Tour de Blog stops at Read Her Like an Open Book

A few days ago, author and blogger extraordinaire Caroline Leavitt invited me to participate in the My Writing Process Blog Tour (having been named by fellow author Bill Roorbach).

Caroline is the author of several novels, including the New York Times bestsellers, Is This Tomorrow (2013) and Pictures of You (2011), which was a Costco “Pennie’s Pick.” If you haven’t read any of her books yet, you should remedy that as soon as possible. Here’s my review of Is This Tomorrow, from July 28, 2013. Leavitt also recently published a mini-ebook with SheBooks, The Wrong Sister, featuring the title story and “The Last Vacation.”

Leavitt is also a writing teacher,  editor, manuscript consultant, book critic, screenwriter, and mother to a talented young acting student. On top of all that, she has been a good friend and major supporter of this blog.

You can enjoy Leavitt’s distinctive wit and wisdom (mixed with a dollop of Hoboken, New Jersey neurosis) on her blog, CarolineLeavittville at http://carolineleavittville.blogspot.com/.

1. What are you working on? 

I am always reading at least two novels, and I write reviews for my blog once or twice a week. And I’m usually working on lesson plans and/or grading for my high school English classes. My other hobby is portrait photography; at the moment I am taking some senior portraits and working on a few other projects.

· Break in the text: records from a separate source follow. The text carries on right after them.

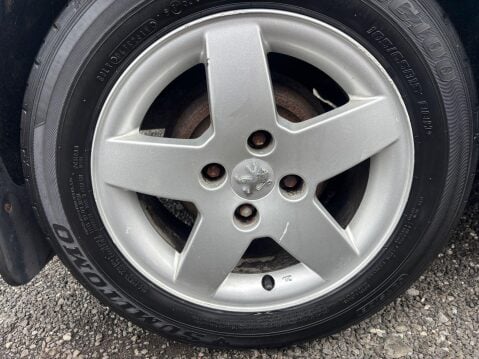 Peugeot 207 1.4 Sportium Euro 5 3dr 20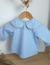 Bata ou Body Gola Azul Bebê Bordado Batizado João Batista Letra Inicial Adulto Infantil Bebê Índigo Trend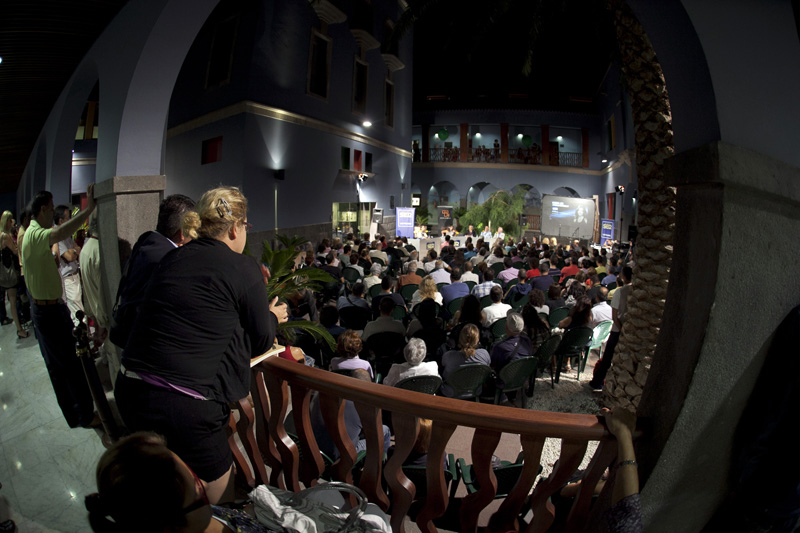 Àngels Barceló y “Hora 25” se abren al mundo desde el patio de Casa África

2. How does your work differ from others of its genre?

My blog is unique (to my knowledge), as it is the only one dedicated to literary fiction by women that is written by a man (I know of at least one such blog published by a woman). My purpose is to demonstrate that men can read and enjoy novels and stories by women, that they are not all romance or mystery or other “genre” novels. I reviewed several novels and story collections about the wars in the Middle East written by women partly to drive home that point. (See my reviews of Flashes of War by Katey Schultz, Sand Queen by Helen Benedict, Be Safe I Love You by Cara Hoffman, Stop Here by Beverly Gologorsky, and You Can Tell When the Men Are Gone by Siobhan Fallon.)

3. Why do you write what you do?

In the summer of 2013 I began to come across essays on gender bias in the publishing world. This bias was present in what books are published, the cover design and marketing of books by women, which books are reviewed by major publications, and which reviewers are selected to write about those books, as well as the fact that men virtually never read books by women (although women will read books by men).

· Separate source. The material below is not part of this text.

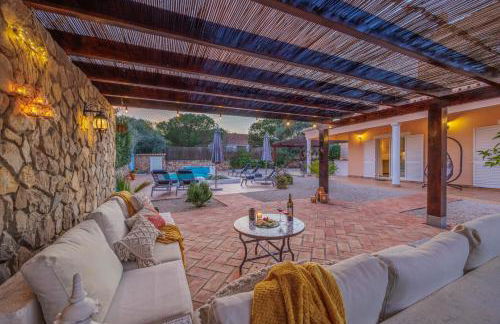 Stunning Countryside Villa w Private Garden & Pool - Foto 46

I realized that 25-50% of the novels I read were by women and that it had never occurred to me that I “shouldn’t” read books by women or that doing so was unusual. I investigated and concluded that a blog in which a man read and wrote exclusively about fiction by women did not exist. My intention was to fill that void and make a small contribution toward balancing this gender bias.

Since June 2013, I have read books by women almost exclusively. (I have read perhaps five books by men in that time.) I doubt that there are many men out there who have read more fiction by women in the last 15 months.

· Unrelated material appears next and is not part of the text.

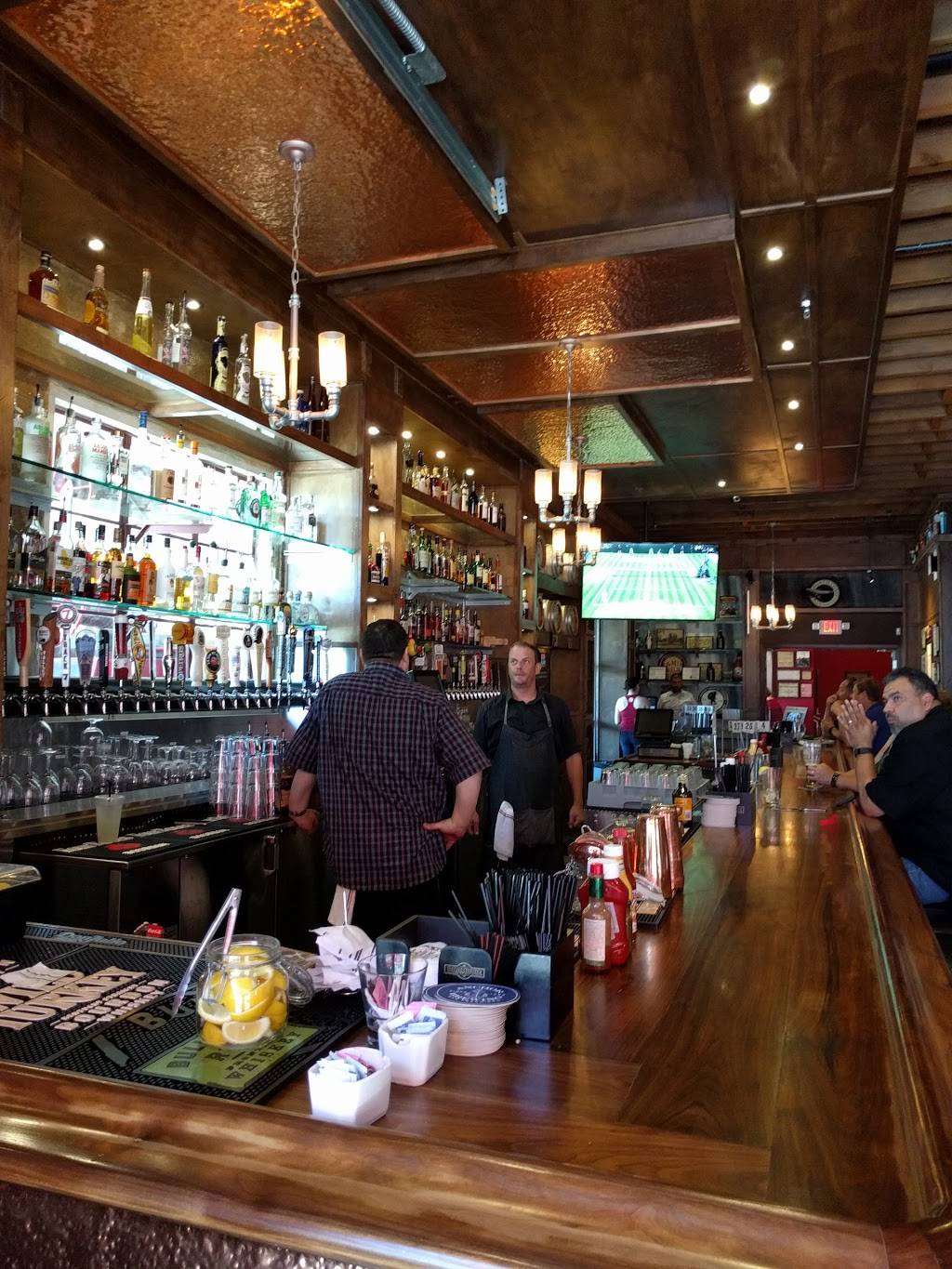 Burgers and Brew | restaurant | 317 3rd St, West Sacramento, CA 95605, USA | 9165720909 OR +1 916-572-0909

4. How does your writing process work?

As I read, I use Post-It flags and take notes. After I finish a book, I let it percolate for a few days to see how it speaks to me and what is worth discussing in a review. I write a relatively fast first draft and then revise it from one to three times in an attempt to ensure that it reflects my thoughts and feelings and is well-written. Then I cast my fate to the wind and hit “publish.”

For the next stop on the blog tour, I nominate Beth Kephart, another thought-provoking writer of novels and nonfiction, as well as a blogger with a unique and impassioned voice. Her blog, Beth Kephart Books, features essays on the personal and the political, as well as the literary. She is the author of the YA novel Going Over (2014), which was the Gold Medal Winner in Historical Fiction at the Parents’ Choice Awards, an ABA Best Books for Children & Teens, and a YALSA BFYA selection, among many other honors. She is also the author of Handling the Truth: On the Writing of Memoir (2013), which was named a Best Book for Writers by Poets & Writers. Most recently, she published a short memoir, Nest. Flight. Sky. On love and loss, one wing at a time (available from SheBooks). I recommend her blog to you enthusiastically.